What attracted Chancellor Dykes’ attention, as Ohle remembers it, was the headline, “MAN SUCKS WETNAPS; BELLED BUZZARD SEEN; NECRONAUTS CRUISE.” Looking back, that brief period of notoriety was probably City Moon’s heyday, he says.
“I think we got better and better as we went along,” says Ohle, now 75. “It was big enough to offend the chancellor, so that was a high point.”
City Moon also received some attention outside Lawrence, with the conservative magazine The American Spectator deeming it the worst example of “sewer journalism” in the United States, arguing that only the sewers of liberal New York could create such smut. The now-defunct Crawdaddy magazine — a predecessor to music publications such as Rolling Stone — was a fan, though, and at one point ran several City Moon articles in a special section called the “Crawdoodah Gazette.”
But the newspaper was never a moneymaker for its publishers. Ohle, Martin and their fellow editors paid for most of the printing, with some help from various KU organizations and, in one year, a relatively modest grant through the National Endowment for the Arts.
“We hoped it would take off, and it never did. But that was part of the charm of it,” Martin says of City Moon. “We never tried to promote it or advance it or anything like that.”

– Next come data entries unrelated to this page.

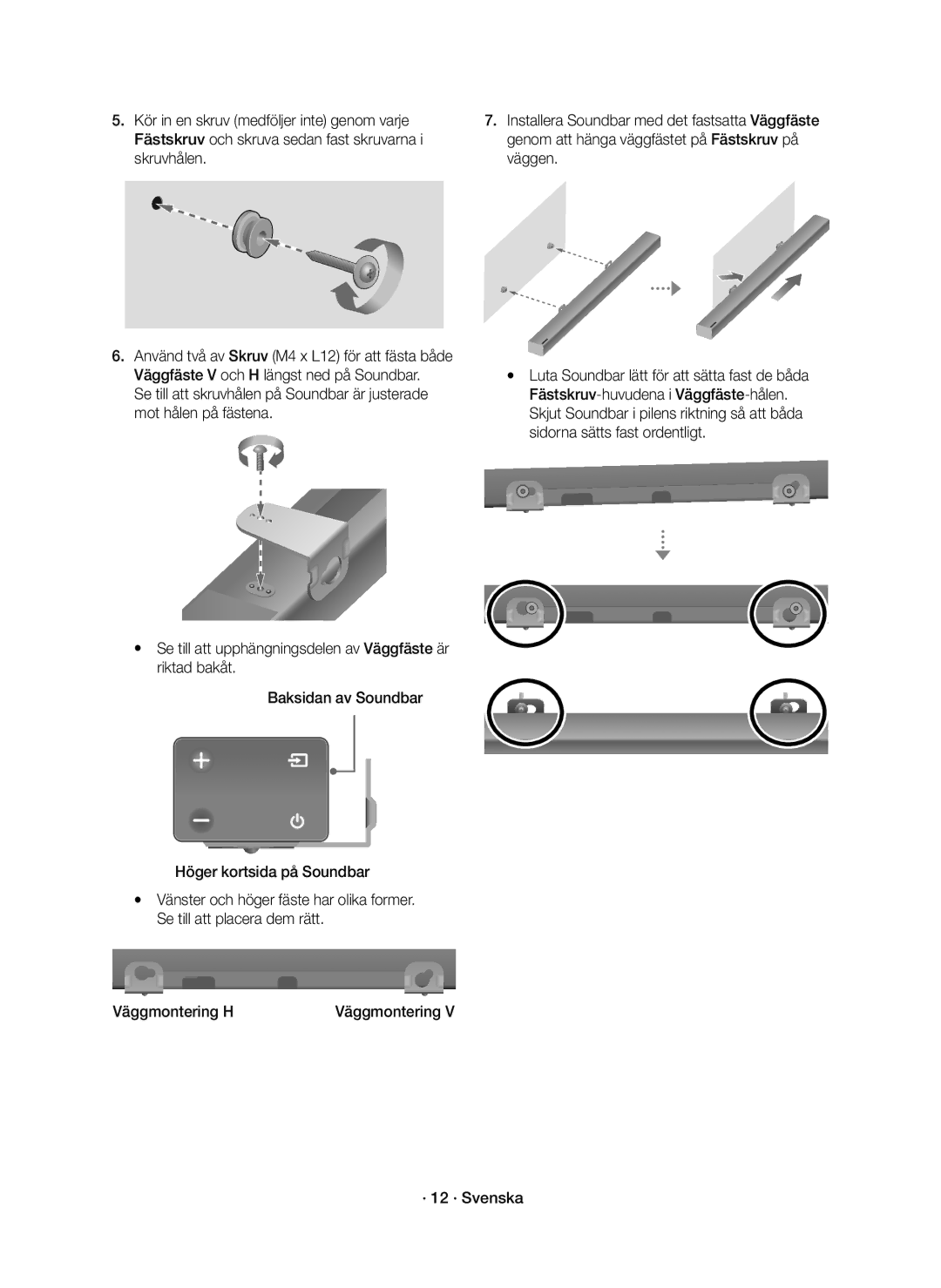 Samsung HW-K561/XE, HW-K560/XE manual Väggmontering H, · 12 · Svenska 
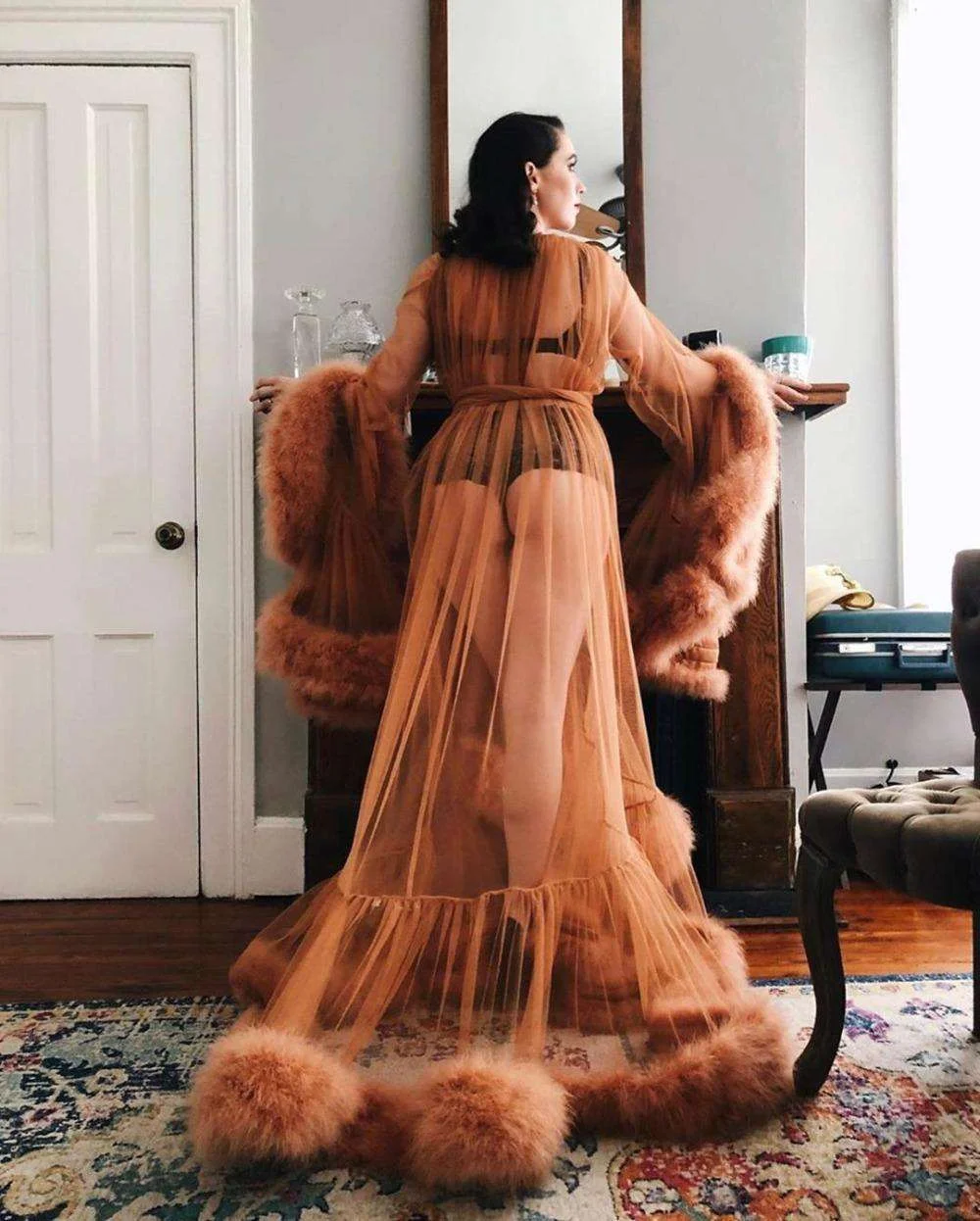 BathGown Women's Feather Edge Tulle Illusion Long Bridal Robe Wedding Scarf New Fur Winter Kimono Pregnant Dress Custom Made
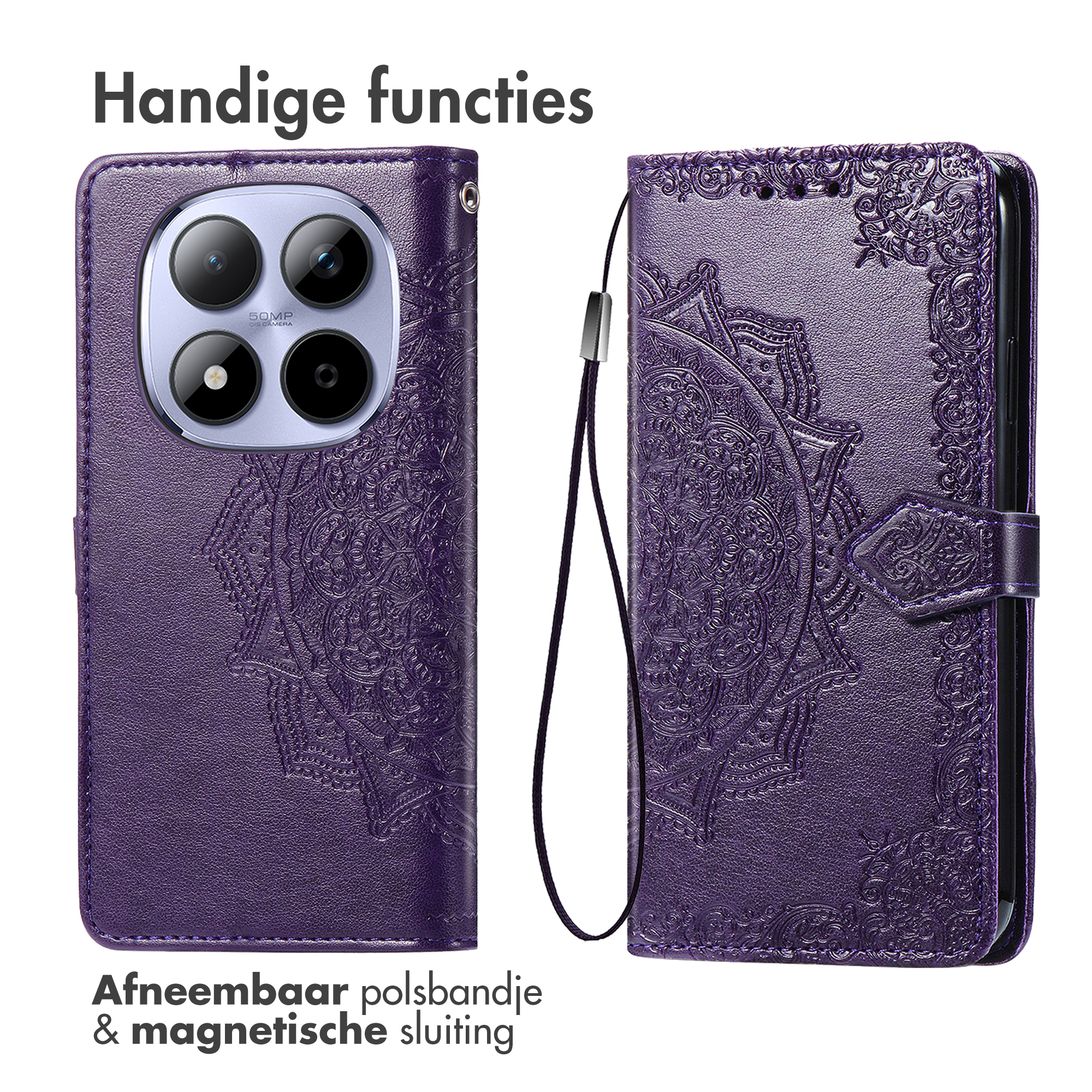 Étui violet pour téléphone avec mandala en relief, découpe caméra et dragonne.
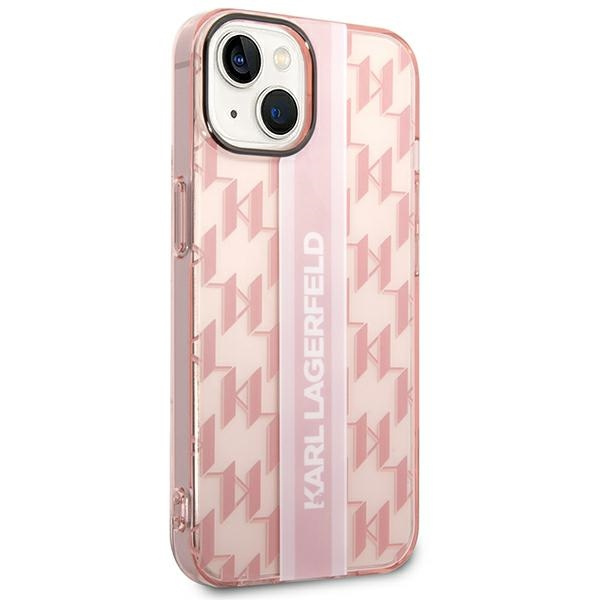 Kryt Karl Lagerfeld KLHCP14MHKLSPCP Apple iPhone 14 Plus / 15 Plus hardcase pink Mono Vertical Stripe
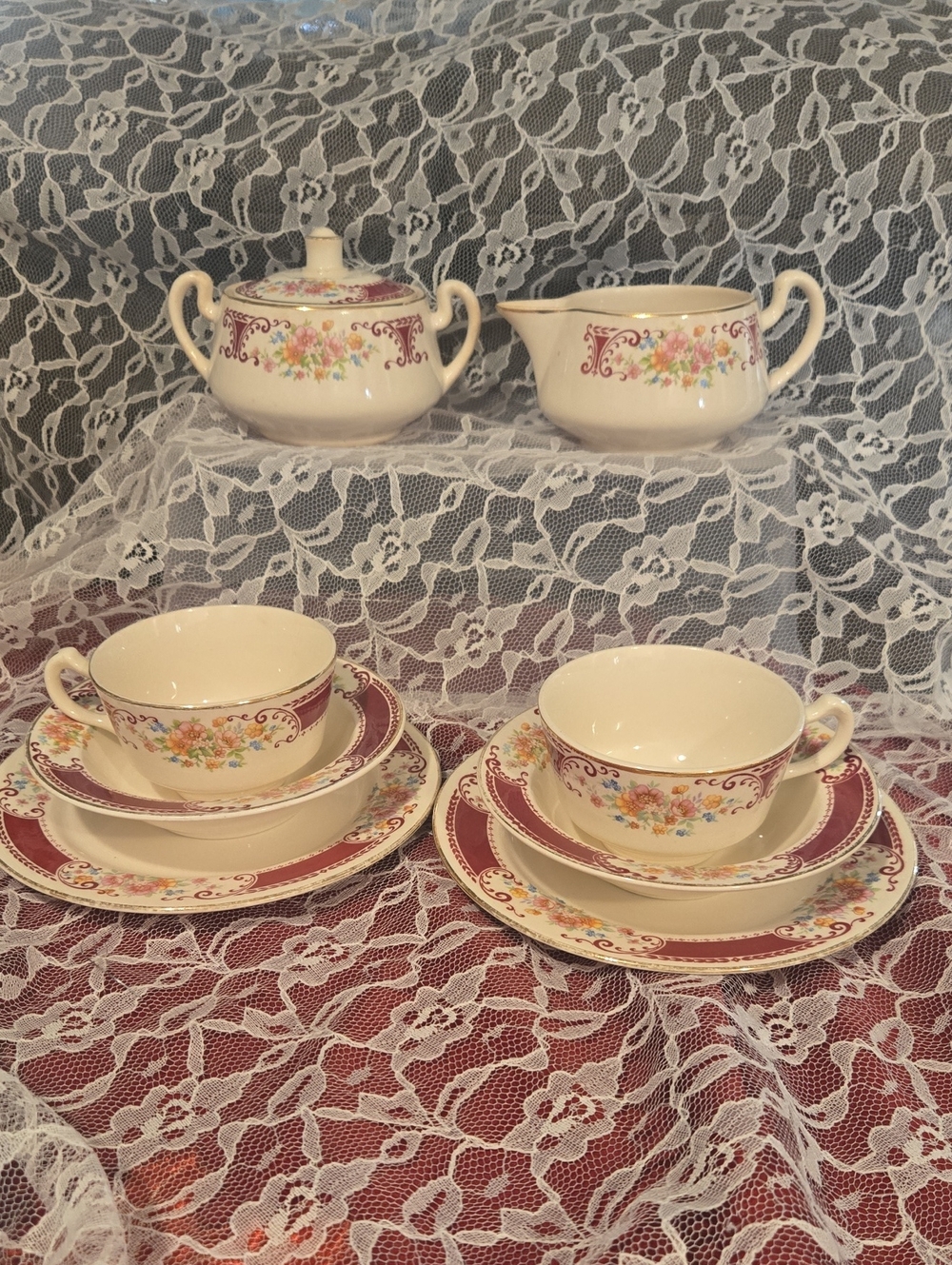 Brittany Vintage Homer Laughlin Brittany Majestic Set Sugar Bowl Creamer Tea Set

Decades later, the newspaper’s former editors still aren’t big on self-promotion. Martin says he’s surprised to see “any interest at all” these days. Even with the arrival of the City Moon display at the Lawrence Public Library earlier this month, Ohle says he never receives any inquiries about the long-gone newspaper, and he doubts that will change much in the future.
The exhibit, he maintains, wasn’t his idea. The library was the interested party who approached him, he says. Self-deprecation aside, Ohle says he recently finished a 400-page novelization of City Moon that he’s since sent to a publisher and he’s waiting to hear back.
Interestingly enough, City Moon is now archived at the same university that once relegated its newspaper racks to the basement of the student union — a short walk away, at the Spencer Research Library. It’s also archived at Wichita State University, Northwestern University, Michigan State University and the University of Michigan, by Martin’s own count.
You can also access all 18 issues of City Moon online at Calamari Press, the company that published Ohle’s book “The Blast.” Ohle, who also penned the surreal novel “Motorman,” says he’s content with the newspaper’s relative obscurity.
He has several old copies lying around, and he still finds the stories funny — even if he’s frankly a bit “tired” of the whole thing. Both he and Martin shy away from the word “legacy” when it comes to describing City Moon’s colorful run and afterlife.
“I still like to look at it now and then. But as far as a legacy, there’s never been anything like it here in Lawrence,” Ohle says. “There have been a few people who copied it, but I think it’s a unique and singular thing.”